When a blog is meant to explore various intellectual questions about religion, there is no clear place to start—one place is about as good as the next with a topic this broad!  A particularly fitting place, however, might be with a book, and what could be more appropriate than a book about the life of the mind within Christianity?  After all, so many people might question this blog’s very premise.  Most teenagers have trouble getting up in the morning for school—do they really want to learn about theology?  Many would assume they don’t.

Because I was one of those teens who deviated from this stereotype, I was always frustrated by such assumptions.  Perhaps they are true of some high school students, but they weren’t true of me, and they aren’t true of many of you.  In fact, many of you may feel frustrated by the adult Christians you meet who seem much less intelligent than you.  Whether you’re looking at Christianity from the outside or the inside, this can be a humorously annoying experience at best—and a deeply hurtful one at its worst.  It feels unfair that the very adults who discredit your significance on the planet with “You’re just a kid,” often lack much of an intellectual life themselves.

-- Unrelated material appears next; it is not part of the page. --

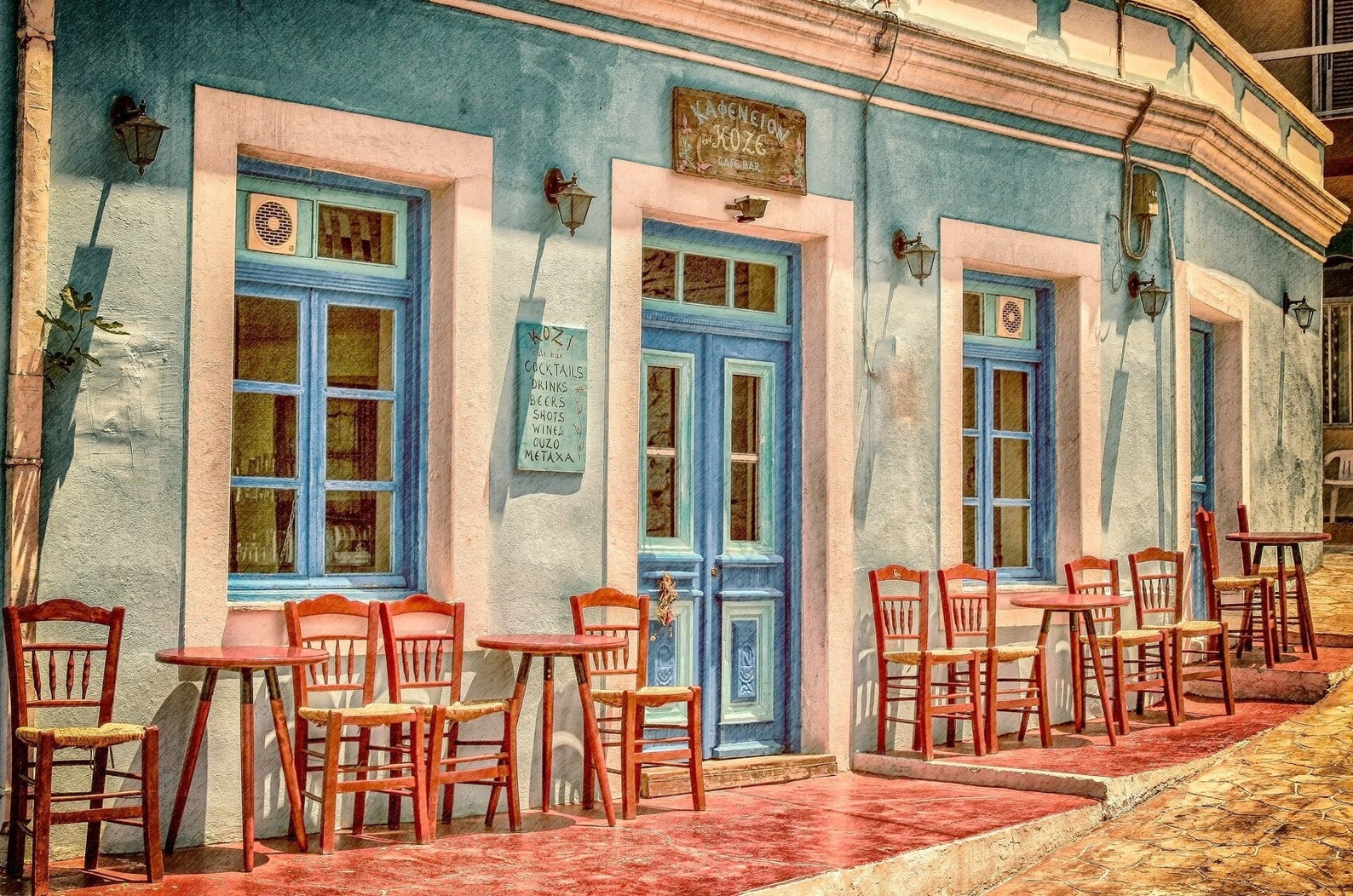 Beautiful picture of a greek coffee shop Etsy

It also may often seem that the stereotype of the anti-intellectual Christian (of any age) is quite true.  This can easily lead to superiority complexes among smart people, as well as bitterness on the part of those who have not felt their intellectual needs were met by their faith communities.  At the same time, these experiences can lead to valuable inquiry regarding the source of this anti-intellectualism.

Obviously anti-intellectualism among the faithful can have many different sources, but in the case of evangelical anti-intellectualism in particular, I was absolutely fascinated by Mark Noll’s book The Scandal of the Evangelical Mind when I first read it as an eighteen-year-old.  According to Noll, “the scandal of the evangelical mind is that there is not much of an evangelical mind” (3).  As an evangelical professor of Christian history at the University of Notre Dame (previously at Wheaton, an evangelical college near Chicago), Noll has written several books about the American religious experience, often focusing on evangelicalism.  As an expert in the field, as well as an insider to the movement, Noll explains when, why, and how evangelical Christianity in the United States became increasingly anti-intellectual—a story few know so well.   And because Noll is such an excellent writer, it doesn’t matter whether readers have studied revivalism, fundamentalism, or today’s evangelicalism in any great depth.  This was the first book I read relating to church history, but I found it to be an excellent introduction, not only to the problem of anti-intellectualism but also to evangelical history itself.

For anyone who has wondered why evangelicals often seem anti-intellectual or who wants to compare the evangelical experience in this area with that of other Christian traditions, The Scandal of the Evangelical Mind will not disappoint.  Readers learn about the current state of evangelical intellectual life, the historic impact of the so-called “intellectual disaster of fundamentalism” on evangelical thought in politics and science, and where evangelicals might go from here.  This book added much to my knowledge of the American religious experience, as well as aiding me personally in better understanding myself and the Christian communities in which I grew up.